Malatya’da mahalle de, okuduğum Sümer Ortaokulu ile Turan Emeksiz lisesinde Türk, Kürt, Ermeni, Arap, Laz, Çerkez, Zaza  arkadaşlarımız vardı. Ben Türkçe ve Kürtçe’yi çok güzel konuşurdum. Ermeni arkadaşlarımdan sadece öğrendiğim bir kaç kelime Ermenice’yi unuttum. Şimdi o dilli tam öğrenmediğime çok hayıflanıyorum. Bir dilin bir dünya olduğunu biliyorum. Gittiğim okullarda çocuklara  ‘Cüzdanınızda bir liranın olmasını mı, yoksa iki liranın mı olmasını istersiniz?” sorusunu yöneltirim.  Çocuklar hep bir ağızdan “elbet iki lira” diye yanıt verdikten sonra şöyle derim: ‘Bir Lira Almanca ise, ikinci, üçüncü, dördüncü Lira Türkçe, Kürtçe, İngilizce, Fransızca, Rusça vs. dilleridir. Ne kadar çok dil bilirseniz o kadar çok geleceğiniz garanti altına almış olursunuz.”

Bu dillerin Malatya’nın dünya Kültür Merkezi olması ile ne ilişkisi mi var? Var hem de çok. Yabancı işçi çalıştıran bu AB Ülkeleri “çok kültürlü olduklarını” sık sık tekrarlıyorlar.   Çeşitli ülkelerden gelen işçilerin yoğun oldukları kentleri Kültür Başkentleri olarak ilan ediyorlar. Oysa bu ülkeler 1960 işçi göçüyle farklı dil ve kültürler bir araya geldi.

Oysa daha motorlu taşıt araçları çıkmadan Avrupa’yı Asya’ya bağlayan Çin-Hindistan İpek ve Baharat yolunun İstanbul boğazından sonraki ana bağlantı yolu Malatya. Elazığ Fırat Nehri köprüsüdür. Batıdan gelip Doğu ülkelerine geçecek tüm insanların konaklama yeridir. Bu durum orada sürekli bir arada binlerce yıldır bira arada yaşayan Türk, Kürt, Ermeni, Çerkez, Arap ve Acemle birleşince dünyada eşsiz  çok dilli çok kültürlü bir merkez yapmıştır. Devecilerin bu yol boyunda konaklaması İle anlattıkları anılar, masallar, yol boyunda yitirdiklerine, hasretlilikleri için yaktıkları ağıtlar burada dilden dile geçerek yaygınlaşmış, derlenmiş ve toplanmıştır.

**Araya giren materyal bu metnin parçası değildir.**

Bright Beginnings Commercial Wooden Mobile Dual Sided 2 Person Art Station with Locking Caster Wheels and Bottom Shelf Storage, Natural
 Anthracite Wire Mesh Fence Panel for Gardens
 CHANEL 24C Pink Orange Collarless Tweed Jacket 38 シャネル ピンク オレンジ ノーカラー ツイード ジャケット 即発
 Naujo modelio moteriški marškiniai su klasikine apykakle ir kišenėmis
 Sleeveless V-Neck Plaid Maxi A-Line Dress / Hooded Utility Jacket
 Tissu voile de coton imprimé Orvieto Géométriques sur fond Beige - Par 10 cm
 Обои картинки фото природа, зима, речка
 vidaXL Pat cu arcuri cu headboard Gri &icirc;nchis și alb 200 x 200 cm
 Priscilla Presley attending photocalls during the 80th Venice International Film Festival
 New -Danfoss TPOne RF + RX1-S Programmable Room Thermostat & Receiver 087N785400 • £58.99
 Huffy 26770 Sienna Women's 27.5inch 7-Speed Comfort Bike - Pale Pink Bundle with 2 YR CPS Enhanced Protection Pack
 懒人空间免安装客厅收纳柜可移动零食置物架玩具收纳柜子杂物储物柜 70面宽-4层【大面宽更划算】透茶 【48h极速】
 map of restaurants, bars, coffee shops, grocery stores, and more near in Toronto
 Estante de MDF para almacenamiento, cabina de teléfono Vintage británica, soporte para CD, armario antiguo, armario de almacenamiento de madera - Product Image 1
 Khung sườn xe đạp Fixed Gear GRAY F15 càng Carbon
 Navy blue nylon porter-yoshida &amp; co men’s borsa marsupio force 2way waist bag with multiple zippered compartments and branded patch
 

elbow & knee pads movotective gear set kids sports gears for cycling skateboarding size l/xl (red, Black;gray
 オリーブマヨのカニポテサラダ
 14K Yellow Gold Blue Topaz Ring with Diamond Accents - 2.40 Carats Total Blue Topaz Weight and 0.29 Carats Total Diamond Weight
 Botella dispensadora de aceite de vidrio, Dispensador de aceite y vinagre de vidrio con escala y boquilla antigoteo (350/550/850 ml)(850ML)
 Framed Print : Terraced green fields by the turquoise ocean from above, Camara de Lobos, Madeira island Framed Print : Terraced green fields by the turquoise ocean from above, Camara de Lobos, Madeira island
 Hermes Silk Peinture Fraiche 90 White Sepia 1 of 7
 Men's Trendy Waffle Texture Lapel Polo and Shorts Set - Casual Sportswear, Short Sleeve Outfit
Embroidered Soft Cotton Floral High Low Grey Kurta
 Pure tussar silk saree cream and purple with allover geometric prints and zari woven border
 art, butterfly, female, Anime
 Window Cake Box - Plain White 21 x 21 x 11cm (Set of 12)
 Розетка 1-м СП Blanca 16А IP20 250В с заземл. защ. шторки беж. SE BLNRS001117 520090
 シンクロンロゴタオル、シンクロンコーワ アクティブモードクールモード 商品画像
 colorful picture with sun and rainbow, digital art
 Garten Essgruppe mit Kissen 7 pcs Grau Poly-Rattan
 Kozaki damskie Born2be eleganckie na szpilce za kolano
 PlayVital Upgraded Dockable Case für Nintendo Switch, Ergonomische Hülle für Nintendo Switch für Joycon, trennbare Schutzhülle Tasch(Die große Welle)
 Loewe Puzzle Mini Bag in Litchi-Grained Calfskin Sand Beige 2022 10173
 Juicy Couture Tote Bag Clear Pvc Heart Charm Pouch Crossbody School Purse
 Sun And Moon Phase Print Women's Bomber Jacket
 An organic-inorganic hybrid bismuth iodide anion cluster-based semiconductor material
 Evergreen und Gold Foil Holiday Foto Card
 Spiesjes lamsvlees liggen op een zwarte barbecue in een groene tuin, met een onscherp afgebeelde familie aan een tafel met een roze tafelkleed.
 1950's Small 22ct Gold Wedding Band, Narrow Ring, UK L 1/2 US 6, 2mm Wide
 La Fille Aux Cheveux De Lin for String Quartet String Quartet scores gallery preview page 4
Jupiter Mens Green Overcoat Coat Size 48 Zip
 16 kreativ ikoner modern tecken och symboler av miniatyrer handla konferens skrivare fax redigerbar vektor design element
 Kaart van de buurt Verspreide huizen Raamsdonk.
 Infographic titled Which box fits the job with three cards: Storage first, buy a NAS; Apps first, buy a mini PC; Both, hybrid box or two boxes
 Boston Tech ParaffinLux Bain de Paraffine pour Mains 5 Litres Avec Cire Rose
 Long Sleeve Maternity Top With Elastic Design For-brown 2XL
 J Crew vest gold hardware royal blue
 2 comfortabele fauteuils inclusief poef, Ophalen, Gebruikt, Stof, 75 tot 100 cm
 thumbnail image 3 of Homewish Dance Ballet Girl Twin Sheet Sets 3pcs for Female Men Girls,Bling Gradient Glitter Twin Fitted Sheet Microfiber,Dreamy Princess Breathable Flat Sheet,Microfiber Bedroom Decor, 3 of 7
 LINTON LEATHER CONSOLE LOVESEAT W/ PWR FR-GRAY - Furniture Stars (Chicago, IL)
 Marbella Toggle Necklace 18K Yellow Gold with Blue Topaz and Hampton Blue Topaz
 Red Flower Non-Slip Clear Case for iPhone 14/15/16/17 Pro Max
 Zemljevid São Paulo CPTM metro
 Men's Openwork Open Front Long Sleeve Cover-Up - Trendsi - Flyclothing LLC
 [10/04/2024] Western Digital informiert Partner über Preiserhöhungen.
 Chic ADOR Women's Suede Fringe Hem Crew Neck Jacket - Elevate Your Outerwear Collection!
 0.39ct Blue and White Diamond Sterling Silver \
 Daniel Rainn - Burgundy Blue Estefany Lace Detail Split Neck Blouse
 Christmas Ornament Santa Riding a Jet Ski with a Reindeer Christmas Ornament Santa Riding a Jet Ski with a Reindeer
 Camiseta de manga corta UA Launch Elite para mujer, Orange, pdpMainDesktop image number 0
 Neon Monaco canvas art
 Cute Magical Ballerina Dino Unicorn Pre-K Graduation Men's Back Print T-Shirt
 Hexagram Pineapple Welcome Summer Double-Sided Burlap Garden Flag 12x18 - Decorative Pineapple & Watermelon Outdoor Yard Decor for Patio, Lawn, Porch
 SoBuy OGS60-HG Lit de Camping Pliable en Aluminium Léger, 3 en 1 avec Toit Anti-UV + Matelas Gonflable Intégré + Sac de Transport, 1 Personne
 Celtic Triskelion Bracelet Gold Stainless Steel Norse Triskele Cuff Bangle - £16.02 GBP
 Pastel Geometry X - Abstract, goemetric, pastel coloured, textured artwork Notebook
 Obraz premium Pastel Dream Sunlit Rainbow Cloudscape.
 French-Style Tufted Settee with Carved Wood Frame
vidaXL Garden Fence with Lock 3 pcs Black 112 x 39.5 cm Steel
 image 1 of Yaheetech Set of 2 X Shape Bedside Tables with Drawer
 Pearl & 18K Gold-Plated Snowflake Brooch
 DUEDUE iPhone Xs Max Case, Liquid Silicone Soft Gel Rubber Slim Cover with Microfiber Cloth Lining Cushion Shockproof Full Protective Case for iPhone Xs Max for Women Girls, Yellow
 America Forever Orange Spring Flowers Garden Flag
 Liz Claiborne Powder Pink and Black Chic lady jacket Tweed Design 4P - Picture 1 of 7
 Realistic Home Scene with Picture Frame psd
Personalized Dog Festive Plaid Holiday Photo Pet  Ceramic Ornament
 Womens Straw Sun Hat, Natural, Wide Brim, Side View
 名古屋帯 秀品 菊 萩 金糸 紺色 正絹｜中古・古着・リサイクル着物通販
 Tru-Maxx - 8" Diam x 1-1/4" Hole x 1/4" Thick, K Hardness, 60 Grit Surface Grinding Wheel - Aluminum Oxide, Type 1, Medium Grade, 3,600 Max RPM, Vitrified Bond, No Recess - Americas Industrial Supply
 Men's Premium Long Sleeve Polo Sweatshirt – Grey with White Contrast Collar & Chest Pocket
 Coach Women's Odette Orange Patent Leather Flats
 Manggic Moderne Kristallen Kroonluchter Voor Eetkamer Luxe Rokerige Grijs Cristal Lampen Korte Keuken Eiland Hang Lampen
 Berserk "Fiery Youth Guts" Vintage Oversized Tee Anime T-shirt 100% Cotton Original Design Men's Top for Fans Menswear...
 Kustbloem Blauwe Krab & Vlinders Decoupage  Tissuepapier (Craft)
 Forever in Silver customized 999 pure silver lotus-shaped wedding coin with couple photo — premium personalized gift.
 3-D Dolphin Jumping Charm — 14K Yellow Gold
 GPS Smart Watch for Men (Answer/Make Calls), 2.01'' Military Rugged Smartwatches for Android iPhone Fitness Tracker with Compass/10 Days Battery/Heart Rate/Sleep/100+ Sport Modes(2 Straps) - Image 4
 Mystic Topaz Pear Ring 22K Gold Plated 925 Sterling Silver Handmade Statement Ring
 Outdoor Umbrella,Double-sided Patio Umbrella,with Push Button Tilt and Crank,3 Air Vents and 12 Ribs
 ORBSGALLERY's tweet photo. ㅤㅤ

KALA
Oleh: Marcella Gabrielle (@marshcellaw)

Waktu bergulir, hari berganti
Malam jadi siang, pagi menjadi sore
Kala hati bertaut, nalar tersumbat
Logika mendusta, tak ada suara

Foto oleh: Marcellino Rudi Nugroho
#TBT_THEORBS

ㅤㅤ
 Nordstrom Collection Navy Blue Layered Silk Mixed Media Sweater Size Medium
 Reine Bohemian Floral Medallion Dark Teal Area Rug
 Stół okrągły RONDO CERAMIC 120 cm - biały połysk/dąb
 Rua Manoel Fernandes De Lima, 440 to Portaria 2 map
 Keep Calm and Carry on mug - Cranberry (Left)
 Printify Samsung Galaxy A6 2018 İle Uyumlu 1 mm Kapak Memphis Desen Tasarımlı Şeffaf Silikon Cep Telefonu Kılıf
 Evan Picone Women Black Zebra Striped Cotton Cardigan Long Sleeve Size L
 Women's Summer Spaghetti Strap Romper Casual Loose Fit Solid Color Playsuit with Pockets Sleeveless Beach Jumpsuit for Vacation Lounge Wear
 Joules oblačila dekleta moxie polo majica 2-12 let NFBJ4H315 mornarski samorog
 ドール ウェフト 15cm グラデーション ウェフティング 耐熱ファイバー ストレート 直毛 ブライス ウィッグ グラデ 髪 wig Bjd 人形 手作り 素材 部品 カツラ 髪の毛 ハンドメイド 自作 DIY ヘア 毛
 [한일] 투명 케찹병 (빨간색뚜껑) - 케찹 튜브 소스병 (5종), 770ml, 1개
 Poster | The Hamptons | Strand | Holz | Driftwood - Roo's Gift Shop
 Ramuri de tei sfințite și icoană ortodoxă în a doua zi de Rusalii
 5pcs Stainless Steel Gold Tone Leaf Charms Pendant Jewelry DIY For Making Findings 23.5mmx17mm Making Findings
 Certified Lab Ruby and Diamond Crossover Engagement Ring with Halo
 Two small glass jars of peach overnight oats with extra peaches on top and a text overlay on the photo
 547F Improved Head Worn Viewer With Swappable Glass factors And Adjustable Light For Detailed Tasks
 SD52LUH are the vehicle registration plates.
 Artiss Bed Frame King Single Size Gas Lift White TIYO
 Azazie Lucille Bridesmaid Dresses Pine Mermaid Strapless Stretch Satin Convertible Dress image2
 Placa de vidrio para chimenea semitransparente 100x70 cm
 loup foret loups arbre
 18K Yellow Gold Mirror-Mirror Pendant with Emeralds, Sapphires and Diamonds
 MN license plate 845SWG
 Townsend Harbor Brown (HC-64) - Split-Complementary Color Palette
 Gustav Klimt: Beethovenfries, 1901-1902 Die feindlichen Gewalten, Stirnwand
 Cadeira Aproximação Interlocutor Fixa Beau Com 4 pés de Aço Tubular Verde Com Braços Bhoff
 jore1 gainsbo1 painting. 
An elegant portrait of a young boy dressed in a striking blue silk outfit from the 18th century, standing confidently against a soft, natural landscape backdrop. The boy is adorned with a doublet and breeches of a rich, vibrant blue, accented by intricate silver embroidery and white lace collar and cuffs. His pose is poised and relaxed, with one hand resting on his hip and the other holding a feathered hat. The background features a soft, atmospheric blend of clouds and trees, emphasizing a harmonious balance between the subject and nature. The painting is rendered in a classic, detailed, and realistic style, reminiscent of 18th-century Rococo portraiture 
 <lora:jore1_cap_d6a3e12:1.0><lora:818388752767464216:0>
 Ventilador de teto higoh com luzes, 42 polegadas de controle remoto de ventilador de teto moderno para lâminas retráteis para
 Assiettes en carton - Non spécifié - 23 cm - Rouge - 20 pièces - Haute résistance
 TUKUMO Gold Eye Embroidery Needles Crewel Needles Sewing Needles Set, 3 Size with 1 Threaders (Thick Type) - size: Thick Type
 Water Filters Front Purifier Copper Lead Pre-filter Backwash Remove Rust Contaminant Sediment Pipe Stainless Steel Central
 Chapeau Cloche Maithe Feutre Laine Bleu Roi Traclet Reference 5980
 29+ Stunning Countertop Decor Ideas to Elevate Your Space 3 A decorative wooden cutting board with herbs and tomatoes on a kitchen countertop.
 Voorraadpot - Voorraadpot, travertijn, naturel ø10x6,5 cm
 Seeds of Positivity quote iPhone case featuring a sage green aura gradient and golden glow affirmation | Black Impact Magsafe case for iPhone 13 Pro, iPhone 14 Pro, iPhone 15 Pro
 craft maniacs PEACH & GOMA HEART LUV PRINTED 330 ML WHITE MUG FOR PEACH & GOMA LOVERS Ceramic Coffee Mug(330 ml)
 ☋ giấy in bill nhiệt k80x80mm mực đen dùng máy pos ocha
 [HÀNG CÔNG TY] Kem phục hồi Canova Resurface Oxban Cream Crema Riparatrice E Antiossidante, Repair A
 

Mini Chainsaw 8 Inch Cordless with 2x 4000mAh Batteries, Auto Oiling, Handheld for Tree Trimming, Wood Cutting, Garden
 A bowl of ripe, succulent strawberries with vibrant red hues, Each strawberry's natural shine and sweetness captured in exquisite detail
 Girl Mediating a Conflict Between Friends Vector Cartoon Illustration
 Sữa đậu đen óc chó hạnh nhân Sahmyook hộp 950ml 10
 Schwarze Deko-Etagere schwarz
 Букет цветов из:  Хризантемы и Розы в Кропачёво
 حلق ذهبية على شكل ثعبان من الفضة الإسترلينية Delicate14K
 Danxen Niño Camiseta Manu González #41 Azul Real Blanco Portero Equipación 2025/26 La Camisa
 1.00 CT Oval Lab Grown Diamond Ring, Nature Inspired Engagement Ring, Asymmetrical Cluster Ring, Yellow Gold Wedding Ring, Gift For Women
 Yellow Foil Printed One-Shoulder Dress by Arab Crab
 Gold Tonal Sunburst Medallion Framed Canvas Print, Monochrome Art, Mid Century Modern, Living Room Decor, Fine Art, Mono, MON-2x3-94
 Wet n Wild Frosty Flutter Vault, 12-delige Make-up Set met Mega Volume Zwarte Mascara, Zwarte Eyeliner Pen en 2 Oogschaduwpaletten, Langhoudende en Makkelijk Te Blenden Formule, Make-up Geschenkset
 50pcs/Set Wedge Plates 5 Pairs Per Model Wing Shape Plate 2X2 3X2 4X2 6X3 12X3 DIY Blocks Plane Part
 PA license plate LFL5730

MÖ. 13.yy. beri Malatya’da çuhacılık, dericilik, Halıcılık, kilimcilik hayvan ürünleri bağ ve bahçecilik gelişmiştir. Özellikle 4.yy sonra bakırcılık ve Demircilik ve boyacılık, gelişmiştir.  Boyacılık, demircilik ve bakırcılık ile Altın ve gümüş el işletmeciliğinde Ermeniler, dericilik, semercilik ve bahçecilikte Türkler, Hayvan yetiştirmekte ve hayvan ürünlerini elde etme alanında, halı ve kilimcilikte Kürtlerin namı o tarihlerde bile dünyaya yayılmıştır. Örneğin Tunceli Munzur suyu kaynağının üzerinde bulunan yüksek kayalarda At nalı izine benzeyen şekiller vardır. Bu yöre halkından şöyle bir masalın doğmasına neden olmuştur. ‘ Hazreti Ali İslamlığı yaymak için kırılmaz bir kılıç yaptırmak ister. Onu sadece Malatyalı Demircilerin yapabileceğini öğrenir.  Hemen yolla çıkar, atıyla Malatyalı demircilere gelirken çok susuz kalırlar. Sonuçta Munzur'da dayanamazlar susuzluğa Hz. Ali ayaklarını yere vurur ‘Yarabi su ver’ der. O an dağ yarılır, Munzur suyu akar. O kayaların yüzündeki iz, Hz. Ali’nin atının ayak izleridir”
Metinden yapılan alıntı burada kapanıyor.